I read an article last night that ruffled this Rooster’s feathers. The author made a case for only being able to love one person at a time. He did quantify the love he was speaking of as romantic love, as opposed to maternal love or love between friends & family. His reasoning was that love is work, love takes time and energy. Therefore, one can only truly invest in one other person if he/she wants success. The author took love, morphed it into a relationship, which then became work, likened to a job. This belief that love equals relationship and that there are love types has been adopted by many in our culture, including myself. I see things differently now, and I’ll share some thoughts as an opposing viewpoint.
Love is easy, relationships take work.
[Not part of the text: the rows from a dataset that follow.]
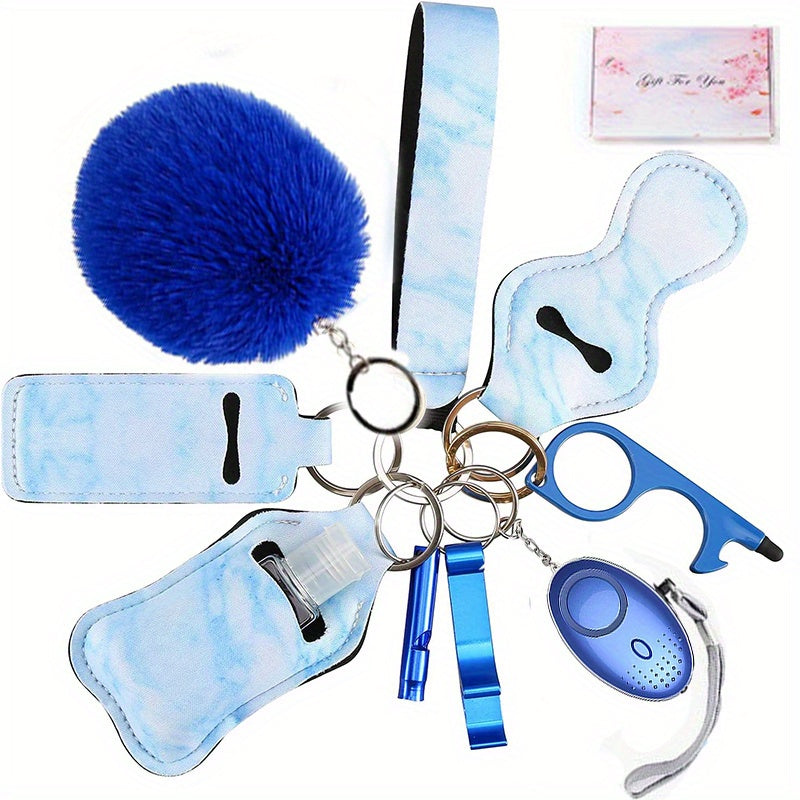 10pcs Women's Self Defense Keychain Set w/ Alarm & Door Opener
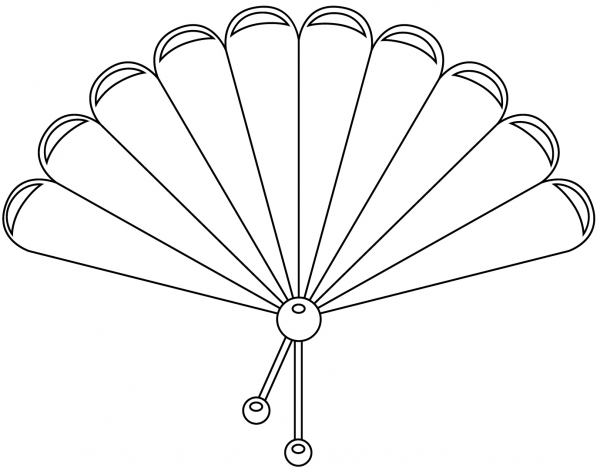 Hand Fan coloring page image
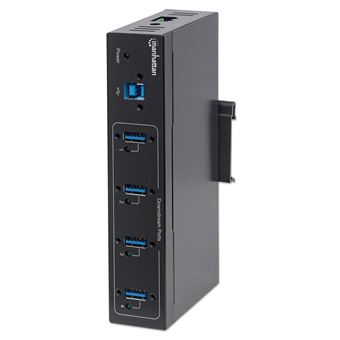 hub de interface Manhattan 161411 USB 3.0 (3.1 Gen 1) Type-B 5000 Mbit/s Preto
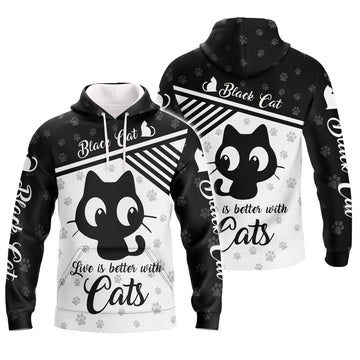 FUNSTUFFPRINT Love Black Cat - 3D Full Print 3D Hoodie and Zip Hoodie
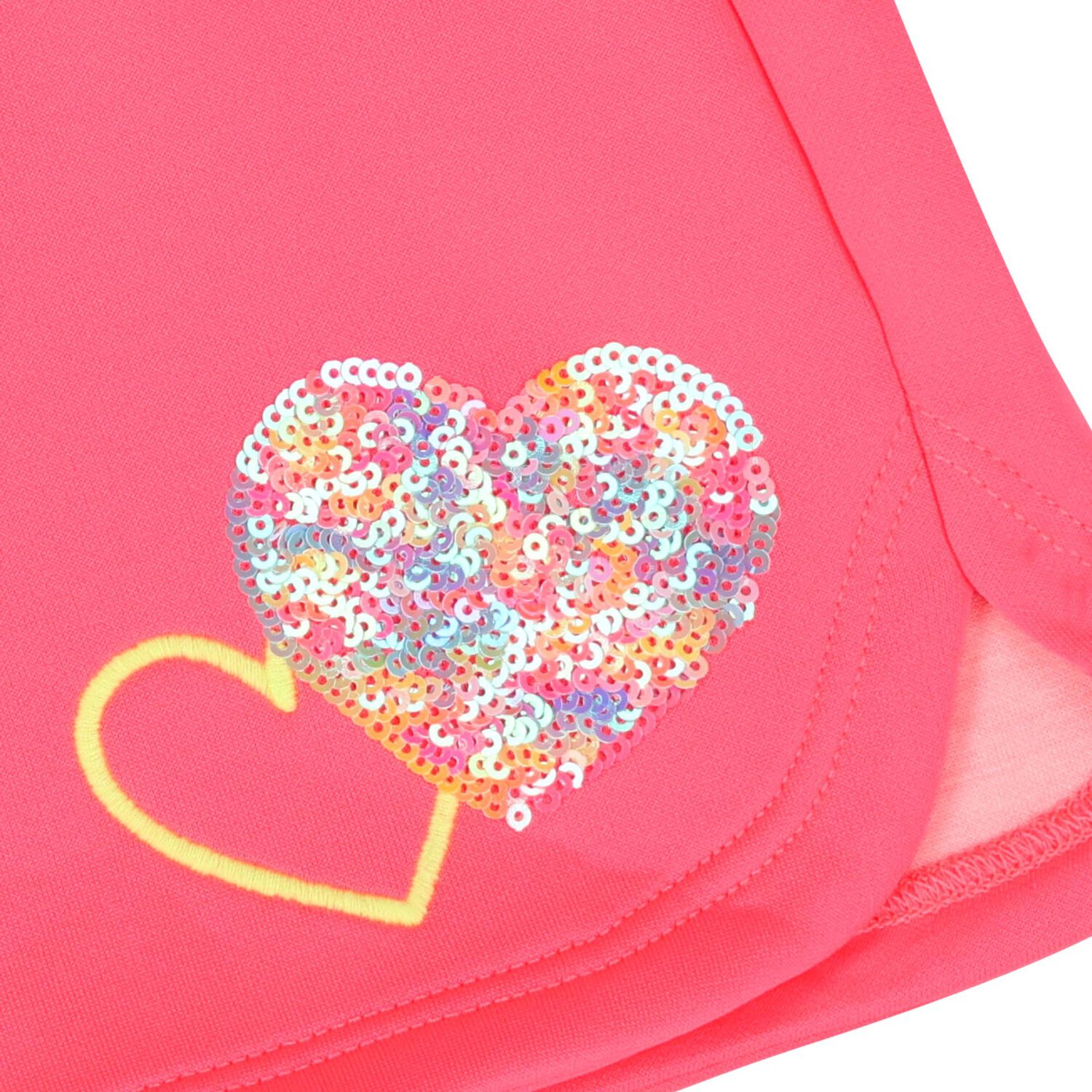 Girls Pink Heart Shorts, 1, hi-res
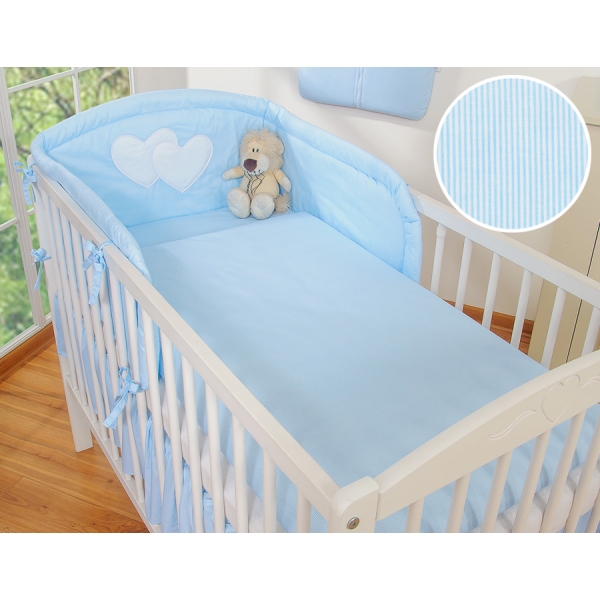 Set Biancheria 2 parti Blu a Strisce Cuori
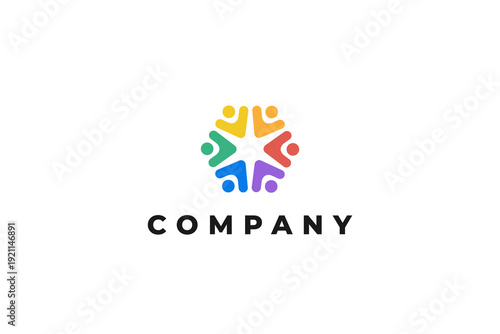colorful community diverse people circle logo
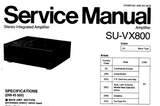 TECHNICS SU-VX800 STEREO INTEGRATED AMPLIFIER SERVICE MANUAL INC BLK DIAG SCHEM DIAG AND PARTS LIST 26 PAGES ENG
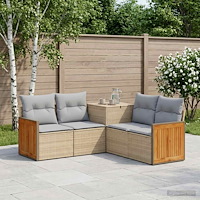 vidaXL Soffset 5 st Beige och Ljusgrå Poly Rattan och stål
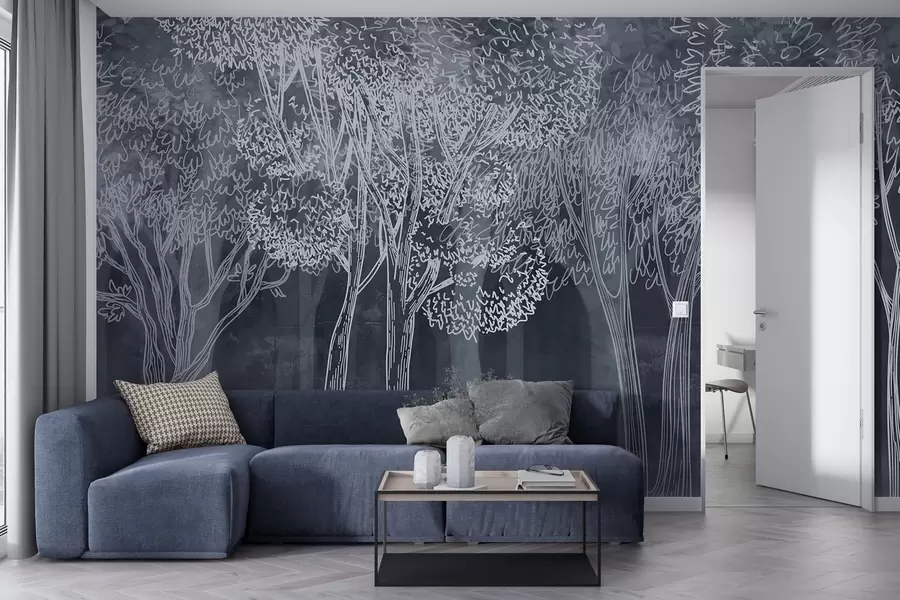wall murals Lush leafy trees w04251v2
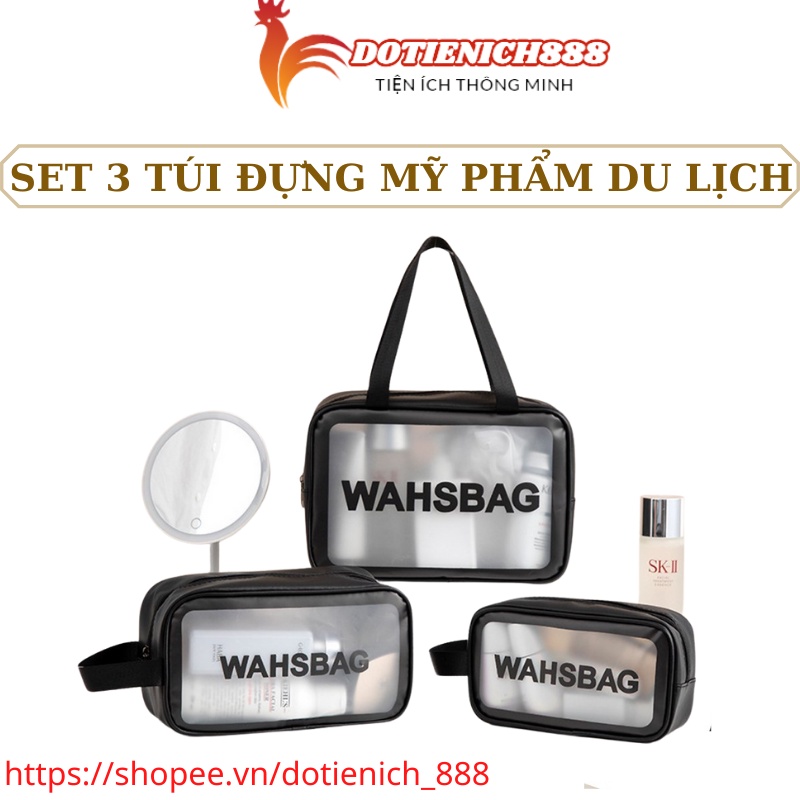 Túi đựng mỹ phẩm du lịch mini trong suốt WashBag Túi đựng đồ trang điểm makup chống nước (Combo 3 túi)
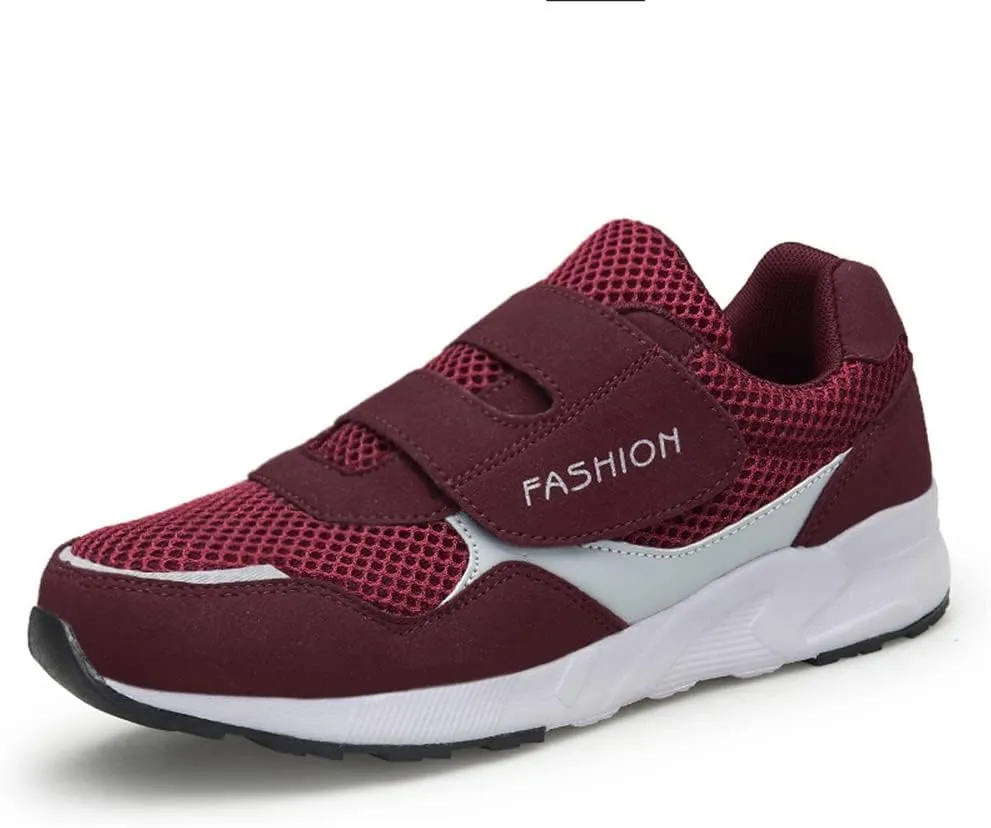Leader Show Women's Elderly Casual Comfort Walking Shoe Safety Flats Non-Slip Hook & Loop Sneakers
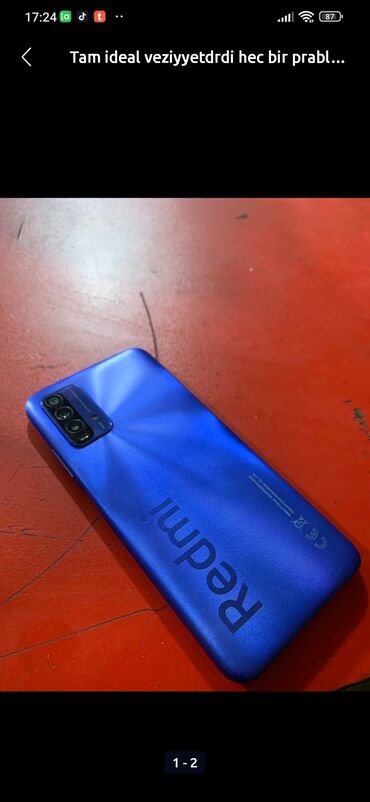 Xiaomi: Xiaomi Redmi Note 9T, 64 GB, rəng - Göy, 
 Barmaq izi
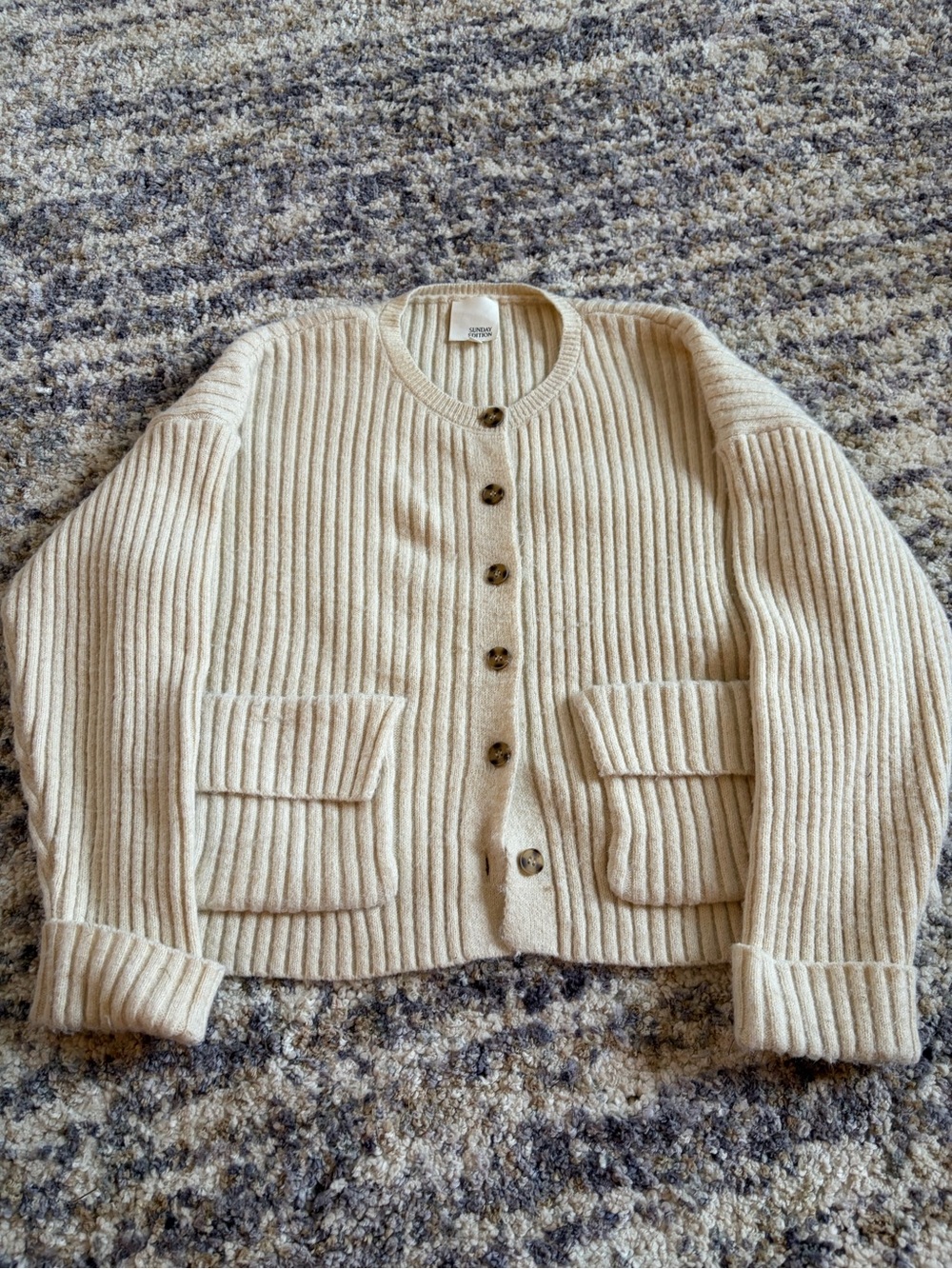 Sunday Edition Ribbed Knit Chunky Cardigan Cream Ivory Size L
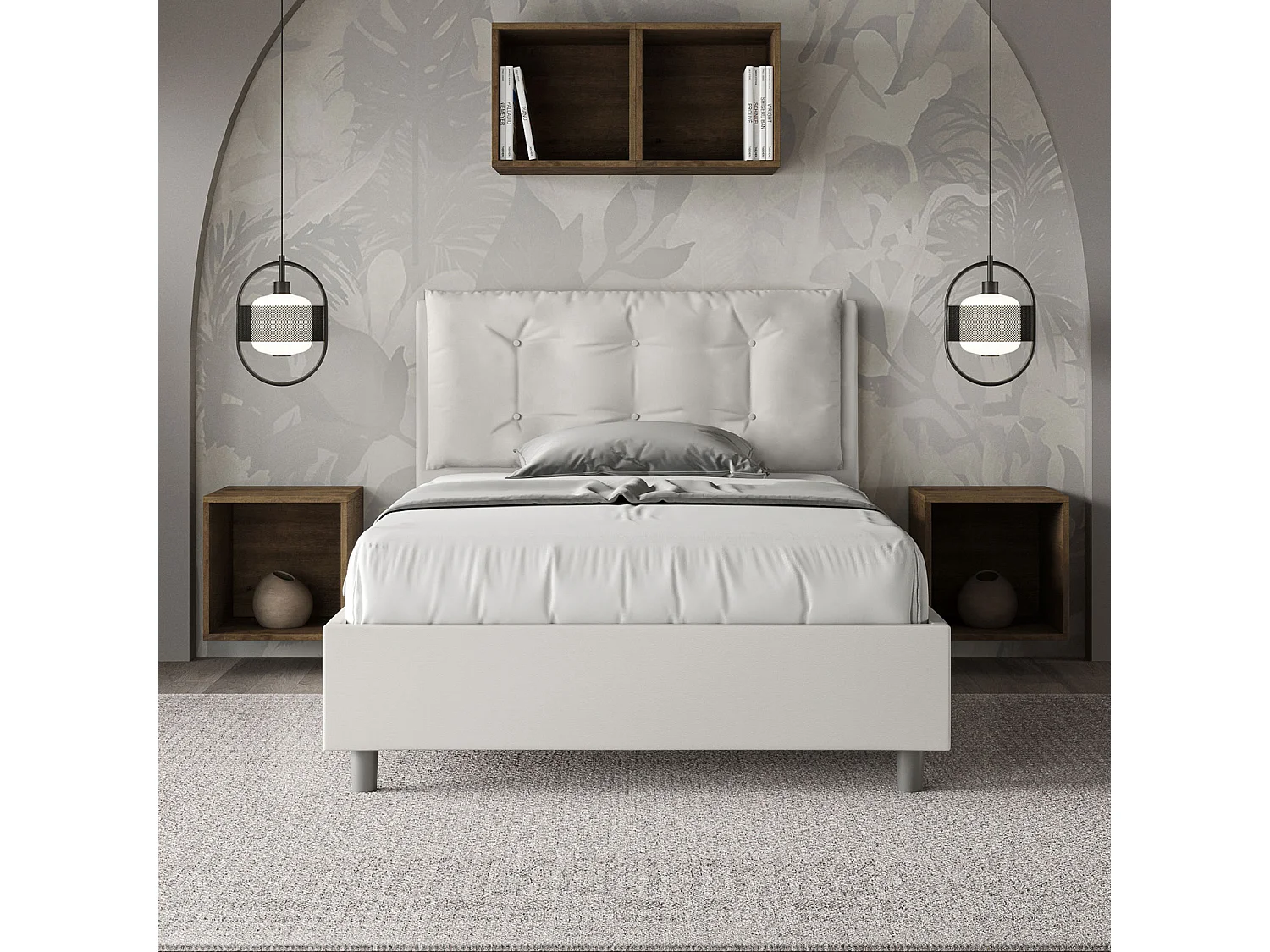 Gestoffeerd bed 120x190 met opbergruimte kunstleer wit Annalisa Large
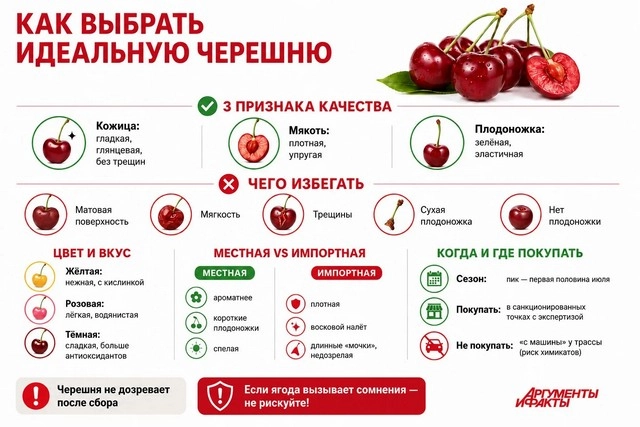 Как выбрать черешню: инфографика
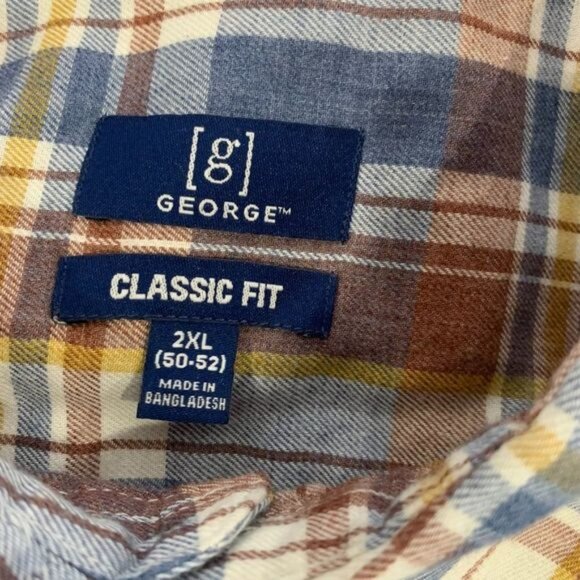 George Classic Fit Mens Plaid Button-Up Shirt Size 2XL Cotton Blend - Picture 4 of 6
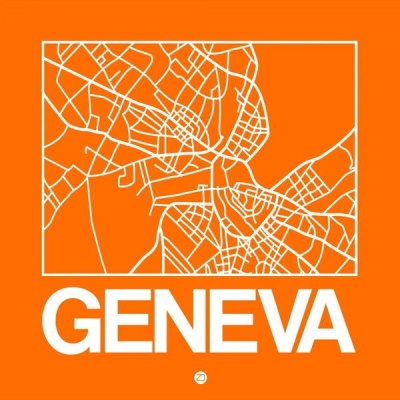 NAXART Studio - Orange Map of Geneva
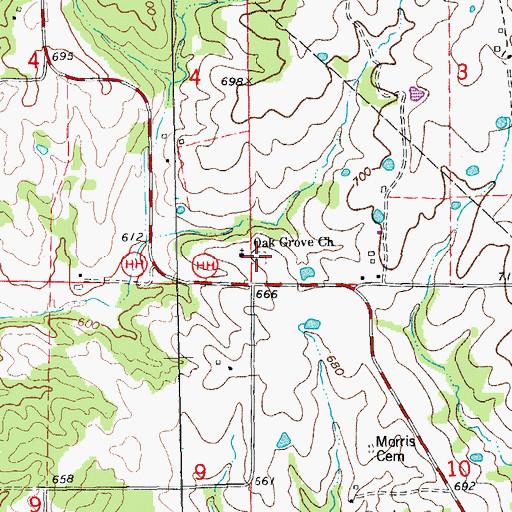 Topographic Map of Oak Grove Cemetery, MO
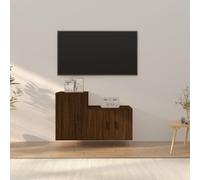 ZQQLVOO Consola multimedia TV sala de juegos, dormitorio, mueble multimedia, consola de 2 piezas, juego de mueble de TV marrón aspecto roble madera adecuado para salón dormitorio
Somewhere along the line, however, love became synonymous with relationship. Since relationships take work, then love takes work. Since relationships can be hard, love is hard. Since relationship success rises when having undivided attention, love must. However, love is not relationship. Relationships, at best, are a manifestation of love. You may think this is just semantics, but I believe it’s critical to make the distinction and stop trying to sell love as something it isn’t. Instead promote it as what it is, or what it should again be.
Love is energy, energy that resides within every one of us, energy that wants to flow freely. It’s an energy that results in an intense feeling of deep affection. A relationship is the way in which two or more objects, or people, are connected.
As I see it, we’ve gotten in love’s way. We’ve compartmentalized it into nicely defined quadrants, and into the resulting rules that we assume make our world move along more smoothly. Rather, it results in ownership, expectations, and loss of freedom. The freedom to feel and experience what is natural to our core, our souls. So, love becomes work. Love becomes a burden. When the expectations of our relationships fail, love has failed us. I suggest love is still there, always, but because we’ve so tightly woven love into relationship it can no longer exist outside of the relationship.
Our compartmentalizing into love types, and redefining one type as an ideal relationship, has us stumbling in the dark searching for what is so clearly in front of us when the match is lit. The flame burns hot and illuminates what laid dormant within until outside expectations snuff it out like an indistinct breeze. Then, again we stand alone in the dark.
Yet, love has enough energy to illuminate the room, burn down the walls, and set the world on fire. If we stop trying to contain it within ourselves and capture it within another how would the world appear?
So, perhaps we should stop letting our false definitions and expectations ruin the most beautiful and natural gift bestowed upon us. Experience love fully, in whatever capacity you feel compelled. Let it swirl unimpeded around and above, swallowing up one another, expanding in capacity and intensity.